Dear Mozart wizards,

The Mozart platform that we all know is getting unmaintainable.
Recent big changes introduced more bugs than they solved.  We dread
the release of GCC as it means hunting for what optimizations will
need to be disabled for the platform to build in an apparently correct
way. Core issues are not addressed although several people gave a try.

The cause of these problems is an implementation that was too advanced
for its time. The radical constraints on memory, the lack of even
basic optimization in the compilers of the era forced the developers
to optimize by hand, relying on undefined behaviour of the compilers
and the understanding by all developers of hypothesis that were
generally not documented. The problem was compounded by a few PhD
thesis that were rushed in to prove ideas but where the implementation
was immature, not designed for maintainability and left to rot as the
creator left the community once the thesis was finished.

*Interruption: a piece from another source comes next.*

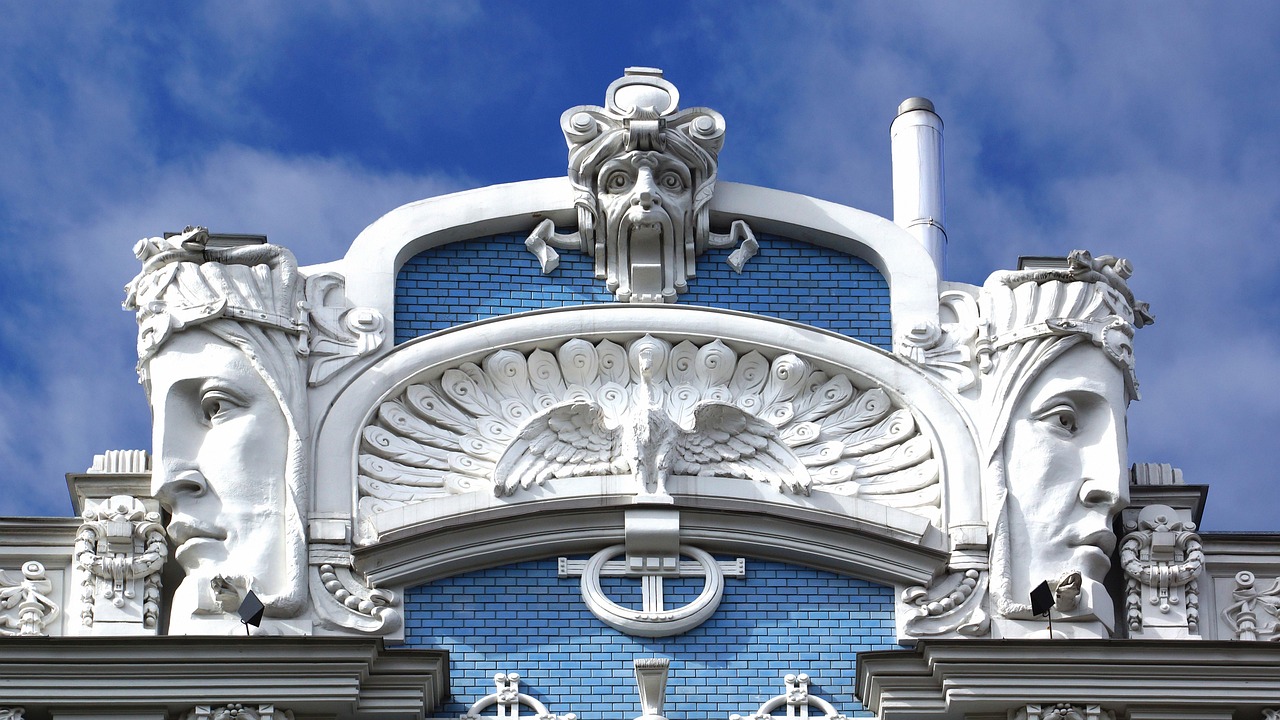 Art Nouveau glas-in-lood raam in levendige kleuren. Art Nouveau glas-in-lood raam in levendige kleuren.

The current platform is thus a mix of extremely bright ideas, creative
hacks and terrible code. In order to save the platform, the ideas and
the community, we decided to rewrite the emulator. This will be a
rewrite from scratch, keeping the ideas, avoiding the hacks, cleanly
coded and most importantly, documented.

The resources that we have are tight.  For the next year, we have a
bit less than one man-year plus your contributions, and an unclear
amount of contributions from new Ph.D. students.  It might not be
possible to have the whole platform brought back in a year but enough
can be done to deprecate the current platform.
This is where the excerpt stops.